President Trump, in his first comments on Michael Cohen's guilty plea, claimed payments to women shouldn’t be a campaign finance issue because “they didn’t come out of the campaign, they came from me."
He spoke with Fox and Friends today for an interview airing tomorrow.
Asked if he knew of the payments, he said:
“Later on I knew. Later on. But you have to understand, what he did -- and they weren’t taken out of campaign finance, that’s the big thing. That’s a much bigger thing. Did they come out of the campaign? They didn’t come out of the campaign, they came from me. And I tweeted about it. You know, I put -- I don’t know if you know but I tweeted about the payments. But they didn’t come out of campaign. In fact, my first question when I heard about it was did they come out of the campaign because that could be a little dicey. And they didn’t come out of the campaign and that’s big."
Trump continued: “It’s not even a campaign violation.”
In a poke at Attorney General Jeff Sessions, Trump said, “If you look at President Obama, he had a massive campaign violation but he had a different attorney general and they viewed it a lot differently.”

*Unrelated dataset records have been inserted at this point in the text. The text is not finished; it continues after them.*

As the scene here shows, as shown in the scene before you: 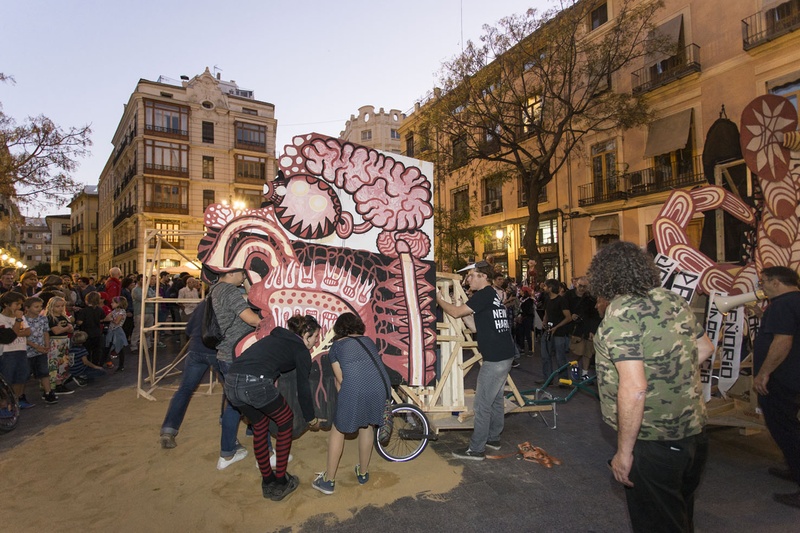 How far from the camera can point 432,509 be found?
337cm

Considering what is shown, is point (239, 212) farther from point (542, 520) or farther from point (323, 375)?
point (542, 520)

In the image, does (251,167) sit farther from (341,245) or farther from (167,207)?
(341,245)

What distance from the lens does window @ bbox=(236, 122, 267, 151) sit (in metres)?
35.1

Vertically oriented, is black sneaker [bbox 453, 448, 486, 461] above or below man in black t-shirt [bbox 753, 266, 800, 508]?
below

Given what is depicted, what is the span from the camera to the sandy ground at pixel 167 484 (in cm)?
323

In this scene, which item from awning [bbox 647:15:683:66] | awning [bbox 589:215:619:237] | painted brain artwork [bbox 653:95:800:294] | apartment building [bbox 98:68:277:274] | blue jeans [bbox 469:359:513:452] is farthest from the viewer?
apartment building [bbox 98:68:277:274]

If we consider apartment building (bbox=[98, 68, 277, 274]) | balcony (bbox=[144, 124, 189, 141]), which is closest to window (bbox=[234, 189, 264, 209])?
apartment building (bbox=[98, 68, 277, 274])

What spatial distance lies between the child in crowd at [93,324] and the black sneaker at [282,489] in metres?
6.69

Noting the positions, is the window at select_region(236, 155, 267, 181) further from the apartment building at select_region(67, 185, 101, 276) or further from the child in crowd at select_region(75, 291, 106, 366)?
the child in crowd at select_region(75, 291, 106, 366)

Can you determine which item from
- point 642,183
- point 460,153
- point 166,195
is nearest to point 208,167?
point 166,195

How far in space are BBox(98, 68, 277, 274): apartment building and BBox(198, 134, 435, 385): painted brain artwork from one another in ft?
94.9

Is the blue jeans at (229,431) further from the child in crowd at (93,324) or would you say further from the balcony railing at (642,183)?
the balcony railing at (642,183)

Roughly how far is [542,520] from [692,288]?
10.8ft

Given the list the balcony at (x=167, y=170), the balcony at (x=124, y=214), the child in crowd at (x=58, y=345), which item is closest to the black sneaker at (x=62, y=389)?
the child in crowd at (x=58, y=345) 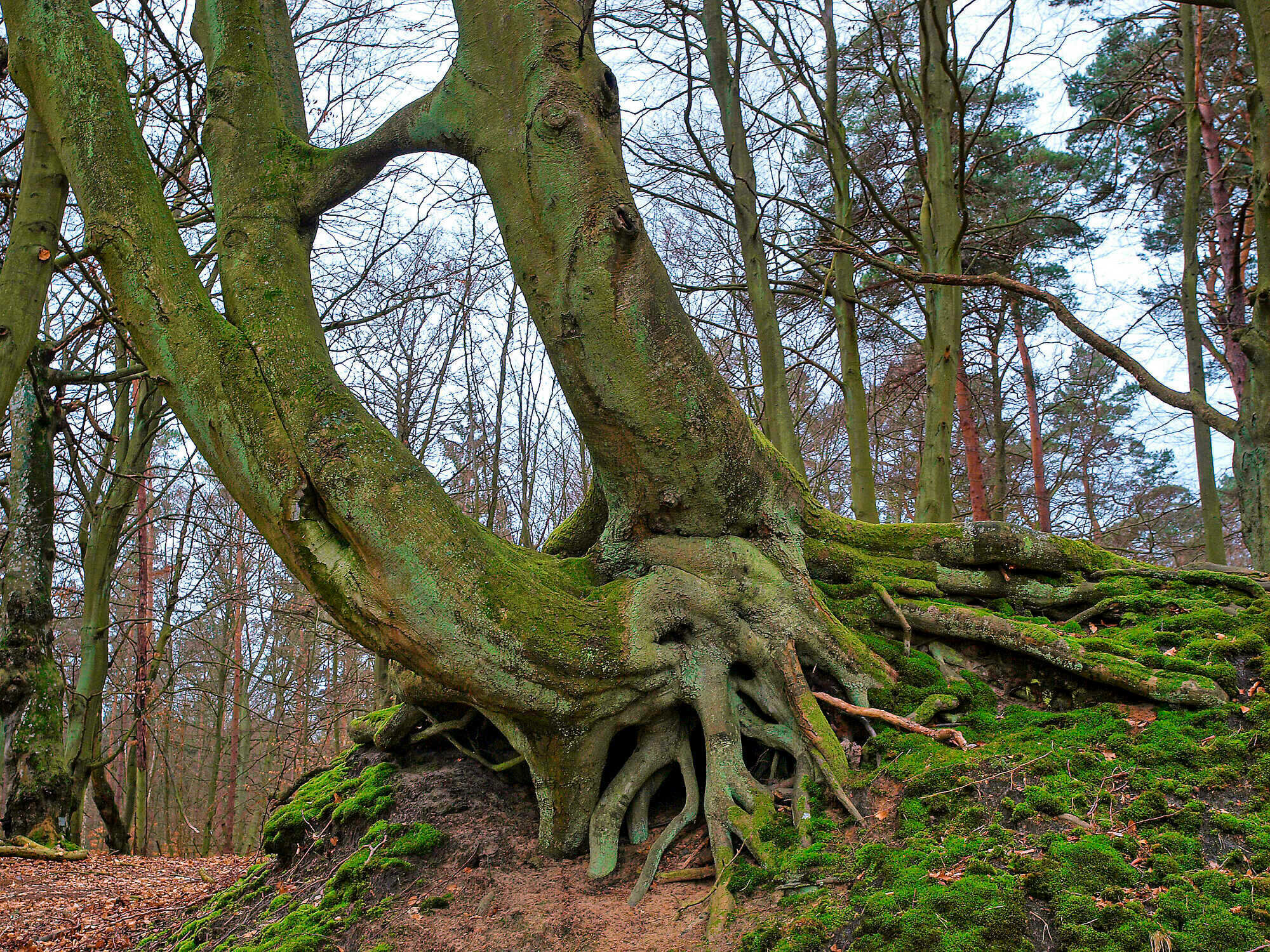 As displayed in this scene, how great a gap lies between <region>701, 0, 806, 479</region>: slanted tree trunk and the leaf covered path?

What Trump is talking about: Cohen pleaded guilty yesterday to eight counts. The counts against Cohen included tax fraud, false statements to a bank and campaign finance violations tied to his work for Trump, including payments Cohen made or helped orchestrate that were designed to silence women who claimed affairs with the then-candidate.
Though not named in the plea deal filed in court, the women whom Cohen helped silence were two who have since gone public with their claims of sexual encounters or affairs with Trump: A porn star named Stephanie Clifford, who goes by the stage name Stormy Daniels, and a former Playboy model named Karen McDougal. Trump has denied the claims.